I recently attended the Beertopia event with 400+ beers available to taste. It got me thinking of the merits of beer and my mentoring professor whose motherland is the emerald isle. He always professed (pun-intended and I paraphrase)”…the Irish are hardy people, we survived on beer. How else do you think we got through the famine?”

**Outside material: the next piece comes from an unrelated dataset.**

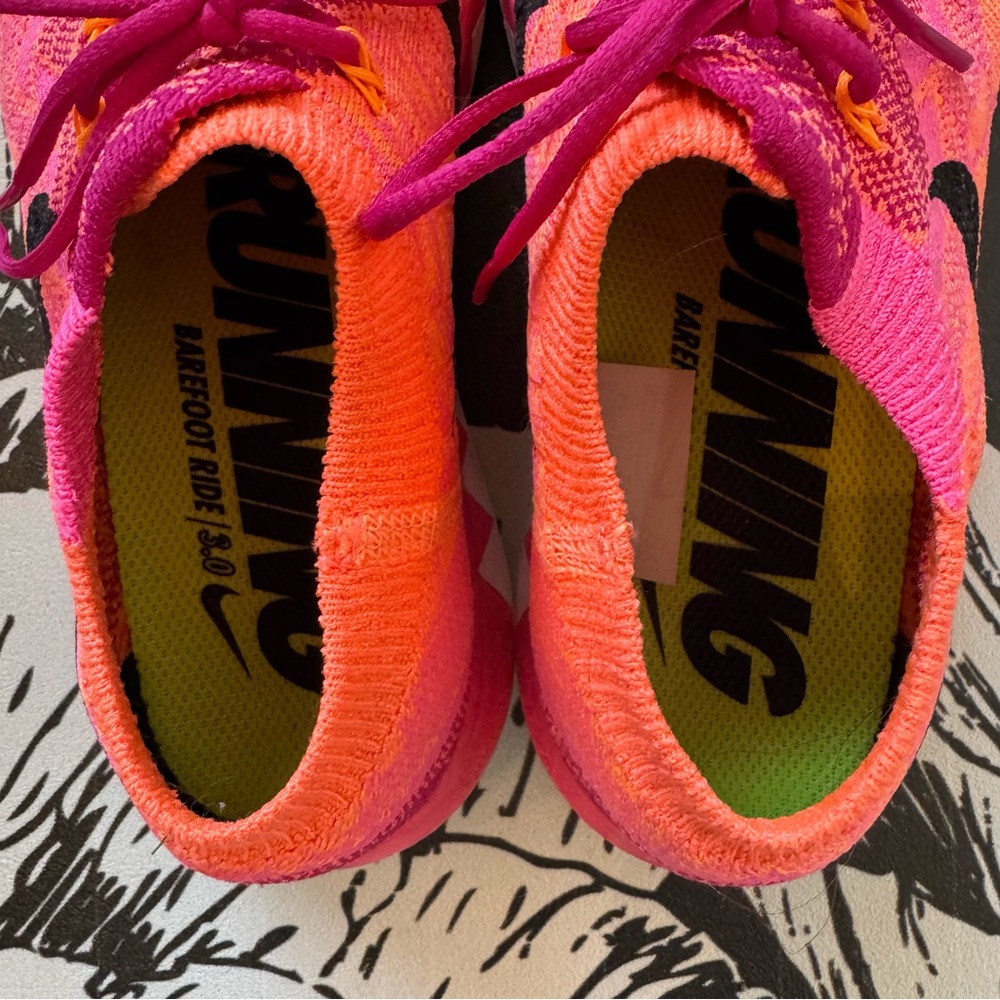 Nike Barefoot Ride Running Shoes - Picture 5 of 8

There are many health benefits attributed to wine, the anti-oxidant factor called resveratrol, is the most studied wine compound with definite links with heart health (1). Although, realistically, the amount in 1 glass of wine do not equate to the amount of the phytochemical compound used in studies that show benefits. The health connection may not be so farfetched due to the main ingredient in wine: grapes. For beer, the main ingredients is water with a bit of fermented plants-barley and hops-for “flavor”. Overall, there may be more nutrients* in beer when compared to wine. *Vitamin B family complex, proanthocyanidin. However, BOTH wine and beer have more micronutrients than the average person would think such as calcium or magnesium. Below is a brief summary from the handy Google tool for nutrient comparison, just type in the search “x compare to y” or in this case “red wine vs beer”. I did compare the data to the standard USDA Nutrient Lab Database and they were similar enough for a rough eyeball comparison, but not to used for exact calculations in research.
What is a “drink”? (defined by USDA)
- 12 oz beer
- 5 oz wine
- 1.5 oz spirit
The recommendation is 1 drink/day for women; 2 drinks/day for men. Interestingly, I looked at the France’s Manger Bouger, the equivalent to the USDA’s MyPlate (2) since the culture of food and eating is very different from a typical American.
Their recommendation is: 2 glasses/day for women; 3 glasses/day for men.(3) Just a little bit different than USDA’s recommendations.
Giancoli A., A Toast to Good Health ADA Times Winter 2011.